Of course it will take you a couple of years or more to accomplish your mission.


----------



## Lynn R (Feb 21, 2014)

Williams2 said:


> Another way is to return to live in the UK again and then once you become fully tax resident in the UK and no
> longer tax resident in Spain. Then and only then will you be able to take out 25% of the accumulated
> money from your SIPP tax free.
> 
> ...


I gave serious consideration to doing just that when I was due to receive my lump sum. However, I don't still own a property in the UK and concluded that the extra costs involved in having to rent somewhere to live, pay Council Tax, and the higher costs of living whilst there would make me little or no better off than just paying the tax. Plus I'd still have had the running expenses of my house in Spain to pay, and non-resident tax for the period I spent in the UK. And that was before the additional complication of Brexit had raised it's ugly head.
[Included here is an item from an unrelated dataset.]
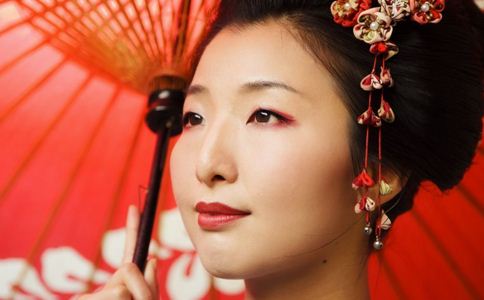 Ů�Ը�����Ӧ����ô����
As to the OP's question, if you are already tax resident in Spain then it's where you are that matters (ie resident in Spain) and not where the money is, so it would make no difference if the money never left the UK. You are still liable for tax on all your world wide income, as Snikpoh says. Even if you gave the money away as a gift, you still have to have received it in the first place so giving it away is no different than spending it on something else, eg an expensive holiday.


----------



## CharlieMCFC (Jan 27, 2016)

Thank you everyone for your considered input. With Brexit looming, I've decided that I would rather pay the extra tax than increase the risk of losing my residency in Spain. I really do not want to live in the UK again. And if I tell you that most of my pension contributions went to Equitable Life, you'll release that we're not talking about a huge sum of money here!


----------



## Lynn R (Feb 21, 2014)

Lynn R said:


> I gave serious consideration to doing just that when I was due to receive my lump sum. However, I don't still own a property in the UK and concluded that the extra costs involved in having to rent somewhere to live, pay Council Tax, and the higher costs of living whilst there would make me little or no better off than just paying the tax. Plus I'd still have had the running expenses of my house in Spain to pay, and non-resident tax for the period I spent in the UK. And that was before the additional complication of Brexit had raised it's ugly head.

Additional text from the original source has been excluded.